Fourtou became convinced that Vivendi should exit telecoms, to focus more on its media businesses, after seeing the damage wrought by a price war in France touched off by low-cost player Iliad (ILD.PA).
Once the group’s cash cow, SFR began to drag down Vivendi’s results and core operating profit halved from 2011 levels to 1.07 billion euros at the end of 2013.
To revamp Vivendi, Fourtou in July 2013 sold the profitable and growing video game unit Activision Blizzard to pay down debt, and in November he sold Maroc Telecom (IAM.CS), raising in total roughly 10.4 billion euros for both.
The stage was set to split off SFR into a separate company by July, but now that option looks less likely with Numericable and Bouygues swooping in with bids.

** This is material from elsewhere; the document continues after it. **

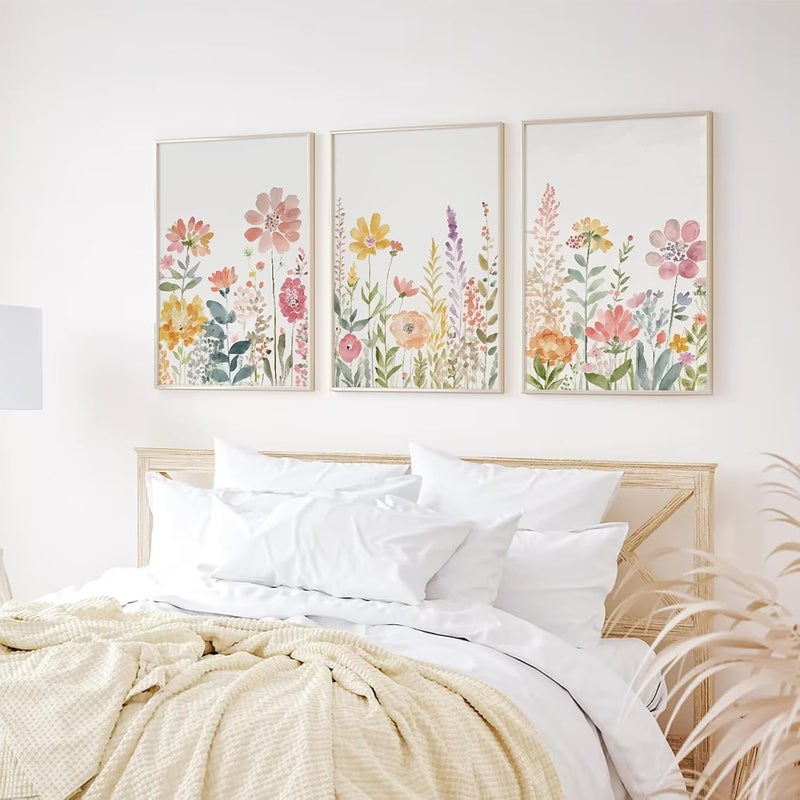 Youillne Watercolor Wildflower Wall Art Set of 3 - Image 4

Bouygues, which is now third place in French mobile, wants to buy SFR to shore up its telecom business, which has been hit hard by the arrival of Iliad’s Free Mobile service.
For Numericable, now primarily a seller of television and broadband, a tie-up with SFR would allow it to become a major player in mobile and grab a large network of stores and sales staff.
Vivendi’s board will debate the merits of both bids, as well as the spin off option, and may make a decision by the day’s end to open exclusive negotiations with Bouygues or Numericable.
Alternatively, the board, which also includes vice-chairman and second-largest shareholder Vincent Bollore, could choose to take more time to weigh its options.
Lastly, Vivendi could shelve the two bids and pursue the spin off, although in that case it would pass up the billions in cash that the two bidders are offering.
Bouygues has offered Vivendi 11.3 billion euros ($15.7 billion) in cash and a 43 percent stake in the combined entity, which would be spun off and listen on the stock market if regulatory approval was secured.
A combined Bouygues-SFR would be France’s biggest mobile carrier with 32 million customers and 42 percent market share compared with 35 percent for current leader Orange (ORAN.PA).
Numericable on March 5 bid 10.9 billion euros in cash and a 32 percent stake in the new company. Three people close to the situation, but without direct knowledge of the Numericable bid, said on Thursday that the company had raised the cash portion of its bid by as much as 850 million euros.